Friday, July 17, 2009

well, i have my back against the wall now. kobe bryant's coming to singapore and i failed to get the tickets. thanks to me being at work and there's no one available to help and collect the tickets due to studies.

well actually, there was one. but hahahahaha, how the fuck would i know he has his mambo every wed?

so nvm, there's only one solution left. go for the trials and hope i get the once in a lifetime chance to be trained by kobe bryant. this truly is a dream come true. my admiration for this man is out of this world. to meet him and be trained by him has always been my goal ever since primary 4. this, is the only chance in my life that our paths will ever cross each other's. the only chance.

its truly something to go all out for. but here's the dilemma. i think this will be the time when my 100% don't actually matter. see, he's kobe bryant. there will be tonnes of ppl wishing to be trained by him. not only me.
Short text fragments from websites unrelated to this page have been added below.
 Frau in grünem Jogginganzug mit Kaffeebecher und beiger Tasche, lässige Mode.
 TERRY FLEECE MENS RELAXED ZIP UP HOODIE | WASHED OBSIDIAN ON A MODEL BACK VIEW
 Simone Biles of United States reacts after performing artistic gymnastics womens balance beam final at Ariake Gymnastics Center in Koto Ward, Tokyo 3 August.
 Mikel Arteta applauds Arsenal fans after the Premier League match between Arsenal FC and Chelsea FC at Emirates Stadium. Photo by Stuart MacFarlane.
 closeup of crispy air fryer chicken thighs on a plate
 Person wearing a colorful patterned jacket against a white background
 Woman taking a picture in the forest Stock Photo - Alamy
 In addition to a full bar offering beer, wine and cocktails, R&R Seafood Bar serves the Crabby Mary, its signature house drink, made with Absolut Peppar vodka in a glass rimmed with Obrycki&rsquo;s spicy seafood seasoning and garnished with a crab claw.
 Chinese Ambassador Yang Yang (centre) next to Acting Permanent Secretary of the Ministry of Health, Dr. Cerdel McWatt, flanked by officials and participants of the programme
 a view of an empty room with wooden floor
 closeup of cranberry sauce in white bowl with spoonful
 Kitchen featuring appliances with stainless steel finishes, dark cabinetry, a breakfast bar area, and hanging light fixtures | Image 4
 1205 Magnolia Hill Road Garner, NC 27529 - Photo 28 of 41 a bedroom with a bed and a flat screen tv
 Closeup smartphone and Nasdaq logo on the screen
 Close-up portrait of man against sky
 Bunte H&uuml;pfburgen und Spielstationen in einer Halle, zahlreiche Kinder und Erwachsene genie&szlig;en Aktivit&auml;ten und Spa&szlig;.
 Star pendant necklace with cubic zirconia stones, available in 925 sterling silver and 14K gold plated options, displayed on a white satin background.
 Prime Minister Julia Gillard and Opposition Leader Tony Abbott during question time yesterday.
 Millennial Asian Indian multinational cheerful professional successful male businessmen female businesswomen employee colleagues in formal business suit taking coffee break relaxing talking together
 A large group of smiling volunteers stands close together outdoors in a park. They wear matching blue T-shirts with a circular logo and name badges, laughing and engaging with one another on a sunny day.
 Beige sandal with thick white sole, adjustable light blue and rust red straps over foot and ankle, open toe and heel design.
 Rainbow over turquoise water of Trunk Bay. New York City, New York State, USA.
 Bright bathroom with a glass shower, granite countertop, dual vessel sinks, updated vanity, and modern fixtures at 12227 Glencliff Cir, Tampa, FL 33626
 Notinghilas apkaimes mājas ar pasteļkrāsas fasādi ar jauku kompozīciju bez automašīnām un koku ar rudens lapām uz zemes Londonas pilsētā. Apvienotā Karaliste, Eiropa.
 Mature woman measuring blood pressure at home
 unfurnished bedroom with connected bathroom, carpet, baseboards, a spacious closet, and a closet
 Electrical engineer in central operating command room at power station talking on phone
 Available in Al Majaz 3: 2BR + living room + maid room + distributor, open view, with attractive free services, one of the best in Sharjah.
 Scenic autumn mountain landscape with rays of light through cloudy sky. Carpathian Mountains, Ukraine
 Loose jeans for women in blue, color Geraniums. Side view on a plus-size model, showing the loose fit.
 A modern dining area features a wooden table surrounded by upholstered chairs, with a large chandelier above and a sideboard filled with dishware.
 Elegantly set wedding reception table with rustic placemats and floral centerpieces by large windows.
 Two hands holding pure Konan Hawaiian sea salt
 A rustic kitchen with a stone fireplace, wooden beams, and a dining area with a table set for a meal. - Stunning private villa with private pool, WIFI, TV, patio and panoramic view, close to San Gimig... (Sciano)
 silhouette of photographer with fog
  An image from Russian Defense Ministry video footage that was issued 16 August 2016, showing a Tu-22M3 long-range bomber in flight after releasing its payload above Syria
and where do i stand amongst them? certainly not at the top. there will be national players and star players from every team there, waiting to be trained by him too. me? just a no name. see the gap? the chance of being selected is unsurprisingly close to zero.

i've spoken to my mother, she asked me to go and try it out so that i will nv have any regrets. true. the prob is, if i nv turn up, all i can say is i missed the event and yes, i'll live with regrets. but by not turning up for the event, there's not really much of a desire to get chosen u see.

but if i ever turn up for the trials. its a totally different thing. if i turn up, the only objective in my brain is to get selected. get what i mean? there's a desire. a fucking strong one.

truth is, i know i won't be picked. and if that really happens. it will be freaking demoralising. denied the chance to be trained by kobe bryant because i wasn't good enough. i think i will be destroyed and it'll take hell lot of time to recover from that fall.

its not that i can't take failures. i've been a failure my whole life. its just that i don't think i can take the "not good enough to be trained by kobe" label on top of me being a failure. get what i mean?

its a tough decision. training on wed by myself was messed up. the thought of making it to the event kept running through my mind and i can't focus. after knowing that the tickets were fully redeemed, my focus has been at its peak for 2 days straight, getting ready for the trials.

this is something i must fight for. actually, i'm used to fighting for almost everything i've achieved. they don't come easy for untalented ppl like me. i know that there will be no regrets if i turn up for the event but the chances of failing are close to absolute.

i don't know what to do, seriously. all i know is that i already swore in front of ky to cut off my fringe and have short hair if i ever get selected.

short hair, no fringe. i can live with that as long as i get be to be trained by kobe. i swear.